Per-patch differential entropy on standardised residual streams of ViT-style models, treated as a 2-D (or 3-D in video) scalar field on the patch grid.
Headline finding so far. Across vit-base-patch16-224,
vit-large-patch16-224, dinov2-base, and clip-vit-base-patch16 (all
loaded ungated from HuggingFace, no fine-tuning), per-image transition
layer = argmax_L (ΔH-std) is rock-stable (IQR = 0 across 200 tiny-imagenet
val images per arch), the transition is sharp (peak/median 4×–21×), and its
location is gated by training objective rather than universal: supervised
classification ≪ self-supervised / contrastive in L_trans / L_max. Per-
patch entropy beats per-patch L2 norm, attention-rollout entropy, and
random-init residual entropy at p < 0.001 on outlier-localisation accuracy.
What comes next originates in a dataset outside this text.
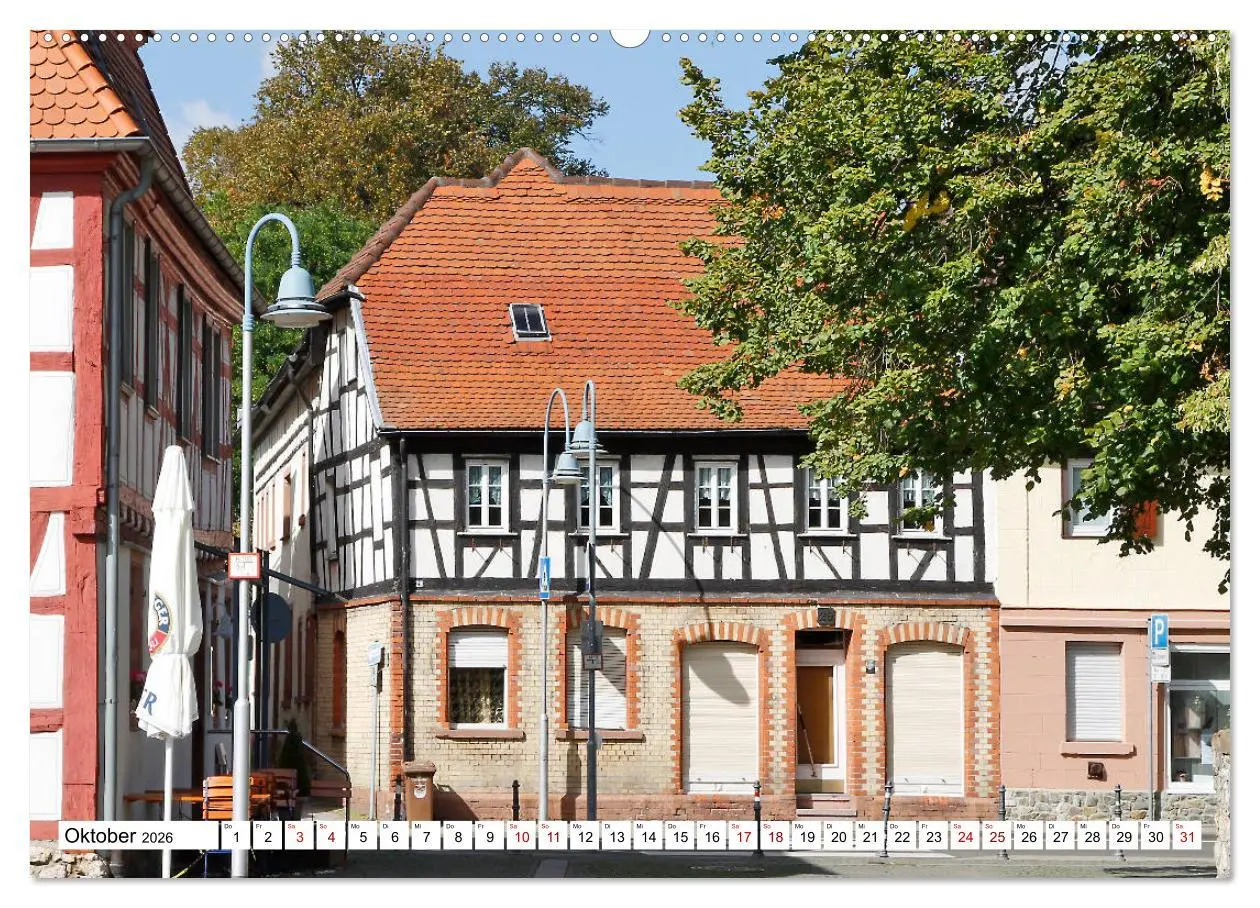 Bild: 9783457768389 | Flörsheim am Main vom Frankfurter Taxifahrer Petrus Bodenstaff...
The phase transition is robust to entropy-estimator choice (Vasicek / k-NN
/ KDE all agree within ±1 layer on ViT-B/16) and has a clean geometric
correlate: under per-patch standardisation, low-H "outlier" patches sit
8-20× tighter to each other in residual space than the bulk, forming a
discrete attractor. On video the transition layer is frame-stationary (std
= 0 across all frames in both ViT-B/16 and DINO-v2), but volumetric
outlier-tube tracking on a synthetic translating blob fails for ViT-B/16
due to register-token edge dominance (Darcet et al. 2024). Native-3D
V-JEPA 2 escapes the spatial register-token artefact at shallow layers
(tube IoU = 0.24 at L=2 vs ViT-B/16's 0.00) but injects a temporal-PE
pattern that overwhelms content motion at mid-network — when V-JEPA 2
is run on 64 identical frames vs five 64-frame Something-Something v2
eval clips, the constant-content stimulus exhibits 2-3× larger per-
tubelet temporal variance in mid-network residuals than every actual
moving SSv2 clip.
See results/summary.md for the full read-out and results/ for figures
and tensors.
uv sync
uv run jupyter nbconvert --to notebook --execute --inplace notebooks/synth_check.ipynb
uv run jupyter nbconvert --to notebook --execute --inplace notebooks/cross_arch.ipynb
uv run jupyter nbconvert --to notebook --execute --inplace notebooks/video_frames.ipynb
uv run jupyter nbconvert --to notebook --execute --inplace notebooks/video_volume.ipynb
uv run jupyter nbconvert --to notebook --execute --inplace notebooks/video_volume_bundle.ipynb
uv run jupyter nbconvert --to notebook --execute --inplace notebooks/baselines.ipynb
uv run jupyter nbconvert --to notebook --execute --inplace notebooks/estimator_robustness.ipynb
uv run jupyter nbconvert --to notebook --execute --inplace notebooks/umap_embeddings.ipynb
uv run jupyter nbconvert --to notebook --execute --inplace notebooks/video_vjepa2.ipynbTotal compute < 30 min on a single 4090; mostly forwards (no fine-tuning).
src/eris/ exports:
from eris.extract import (extract_entropy_stack, load_model,
extract_entropy_volume, load_video_model)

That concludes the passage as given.